Detailed explanation of Ratios Return on Net Worth

Return on Net Worth (RONW) is a measure of profitability of a Company expressed in percentage. It is calculated by dividing total comprehensive income for the year by average Net Worth during the year.

Return on Capital Employed

Return on Capital Employed (ROCE) is a financial ratio that measures a Companys profitability and the efficiency with which its capital is used. In other words, the ratio measures how well a Company is generating profits from its capital. It is calculated by dividing profit before exceptional items and tax by average capital employed during the year.

Basic EPS

Earnings Per Share (EPS) is the portion of a Companys profit allocated to each share. It serves as an indicator of a Companys profitability. It is calculated by dividing Profit for the year by Weighted average number of shares outstanding during the year.

Debtors Turnover

The above ratio is used to quantify a Companys effectiveness in collecting its receivables or money owed by customers. The ratio shows how well a Company uses and manages the credit it extends to customers and how quickly that short-term debt is collected or is paid. It is calculated by dividing turnover by average trade receivable.

Inventory Turnover

Inventory Turnover is the number of times a Company sells and replaces its inventory during a period. It is calculated by dividing turnover by inventory.

Interest Coverage Ratio

The Interest Coverage Ratio measures how many times a Company can cover its current interest payment with its available earnings. It is calculated by dividing PBIT by finance cost.

Current Ratio

The Current Ratio is a liquidity ratio that measures a Companys ability to pay short-term obligations or those due within one year. It is calculated by dividing the current assets by current liabilities.

Debt Equity Ratio

The ratio is used to evaluate a Companys financial leverage. It is a measure of the degree to which a Company is financing its operations through debt versus wholly owned funds. It is calculated by dividing a Companys total liabilities by its shareholders equity.

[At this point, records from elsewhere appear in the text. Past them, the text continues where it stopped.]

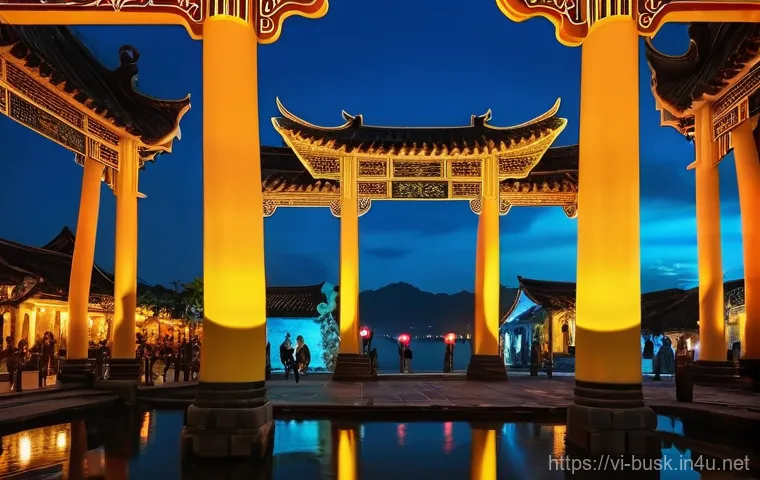 거리공연의 창의적 접근법 - **Interactive Street Performance in Ho Chi Minh City:**
    A bustling and joyful scene on a wide wa...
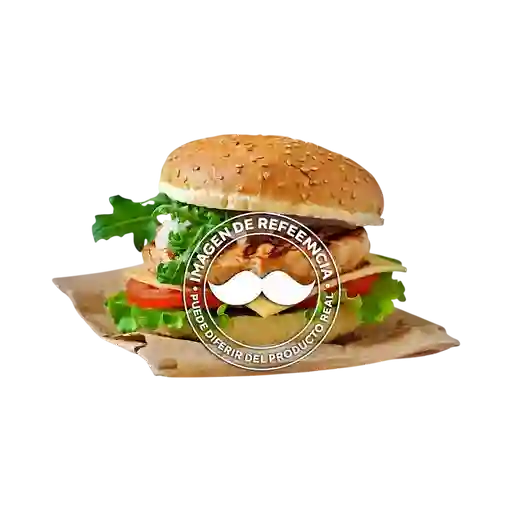 Hamburguesa Especial de Pollo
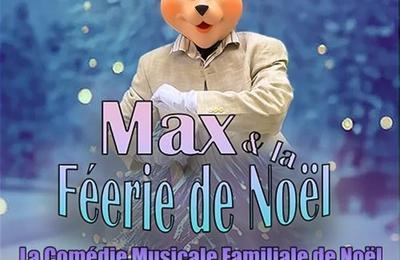 Max et la féerie de noël à Paris 9ème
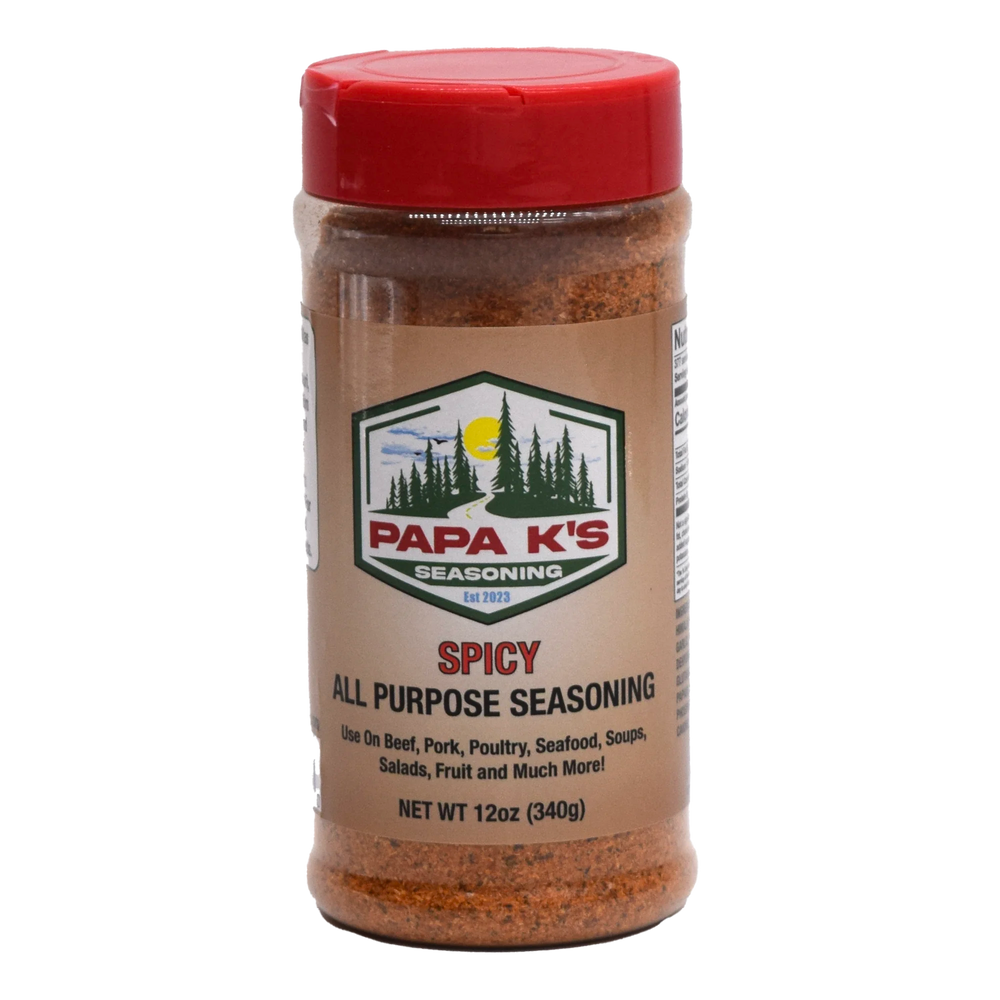 Papa K's Spicy All Purpose Seasoning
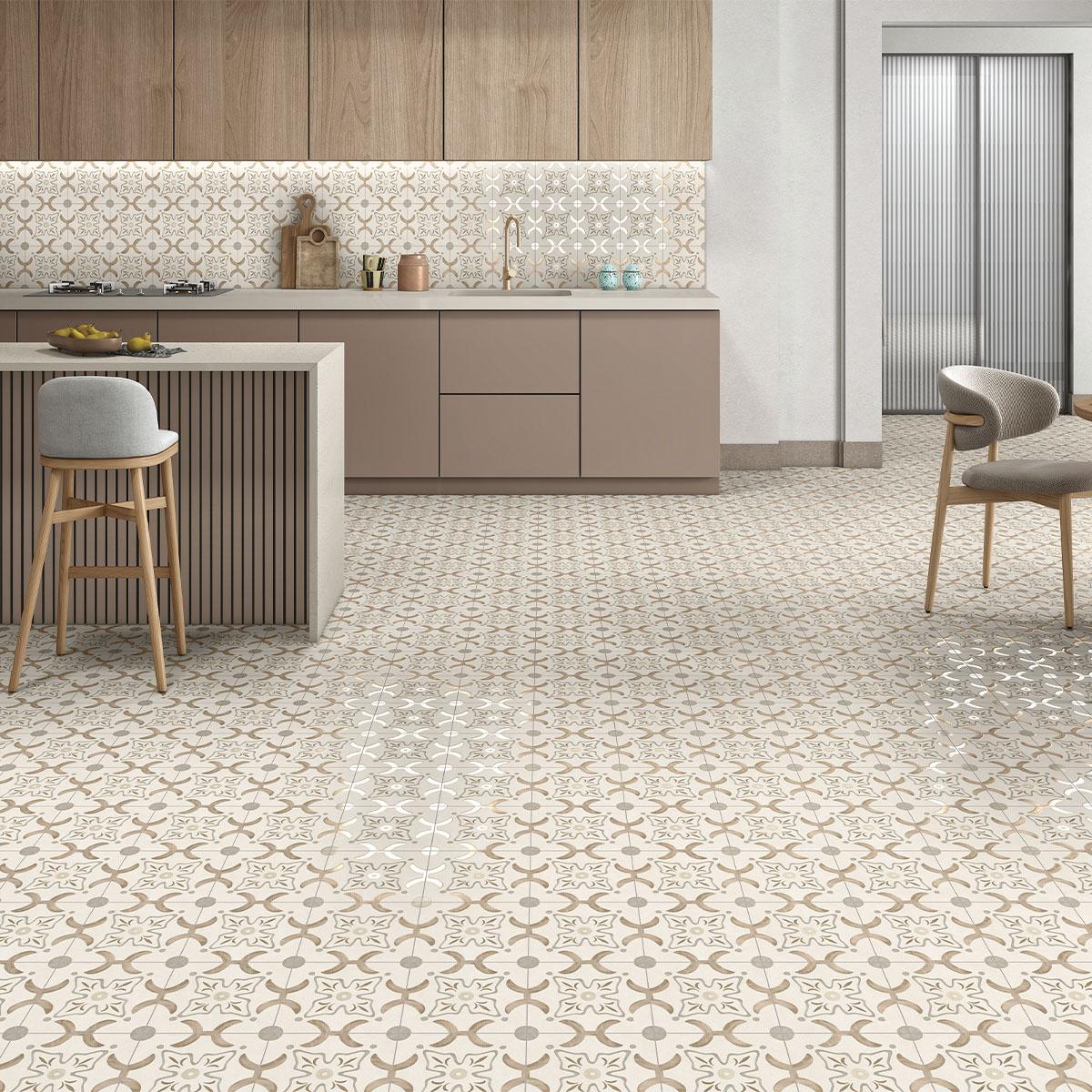 Керамогранит Motto Вельвет Clay Decor 3 20x20 арт. N100199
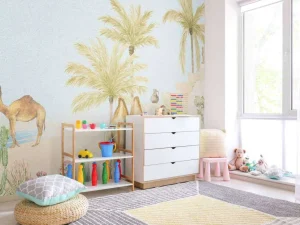 Fashion Woestijn vrienden Kinderkamer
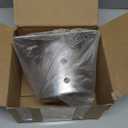 304 Stainless Steel Fire Burn Pot for Pit Boss Pro Series II 1150, 1600 Pellet Grills, Firepot Parts for Pit Boss PB1600PS1, PB1150PS2, PB1150PS3, Upgraded Replacement Burn Pot Accessories with Screws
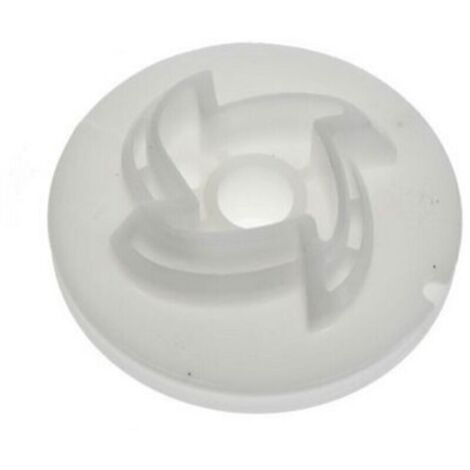 Poulie de lanceur pour tronçonneuse Husqvarna – Référence 537092502 – Pièce d’origine en acier trempé, compatible modèles 445, 450, 550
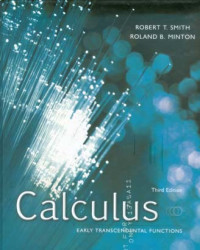 Calculus. Early Transcendental Functions 3ed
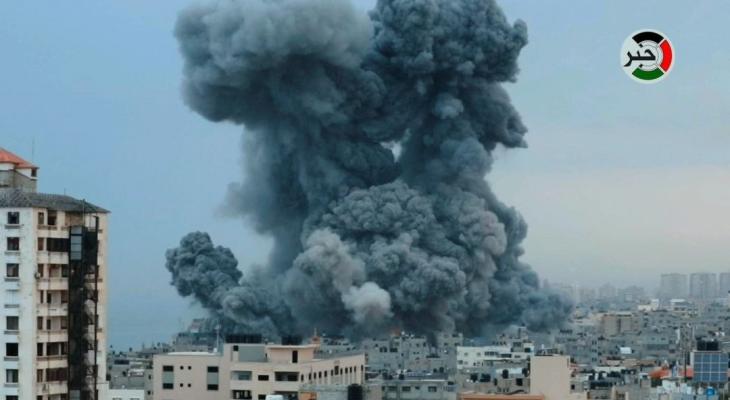 قصف إسرائيلي في غزة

Operating Profit Margin (%)

Operating Profit Margin is profitability or performance ratio used to calculate the percentage of profit a Company produces from its operations. It is calculated by dividing the EBIT by turnover.

Net Profit Margin (%)

The net profit margin is equal to how much net income or profit is generated as a percentage of revenue. It is calculated by dividing the profit for the year by turnover.

(i) Human Resources Development and Industrial Relations:

Your Company focuses on developing the most superior workforce so that the organization and individual employees can accomplish their work goals in service to the end users. To improve employee productivity, PMS (Performance Management System) was implemented across the organization.

Your Company has put in place suitable processes and mechanism to ensure that grievances are effectively addressed. Employee Grievance Redressal Committee and the Internal Complaints Committee are intended to facilitate open and structured discussion on work related grievances of employees and Sexual Harassment complaints respectively, to ensure that these are dealt with in a fair and just manner. Our Anti-Sexual Harassment initiatives allow employees to report sexual harassment case at the workplace.

Presently, your Company employs around 450 employees including employees on contact basis. There is Lockout at factory at Khopoli since December, 2013. The industrial relation continues to remain generally cordial at all locations of the Company except its factory at Khopoli.

(j) Cautionary Statement:

The Management Discussion and Analysis describe Companys projections, expectations or predictions and are forward looking statements within the meaning of applicable laws and regulations. Actual results could differ from those expressed or implied. Important factors that could make a difference to the Companys operations include economic conditions affecting demand and supply, price conditions in domestic and international market, change in Government regulations, tax regimes, economic developments and other related and incidental factors.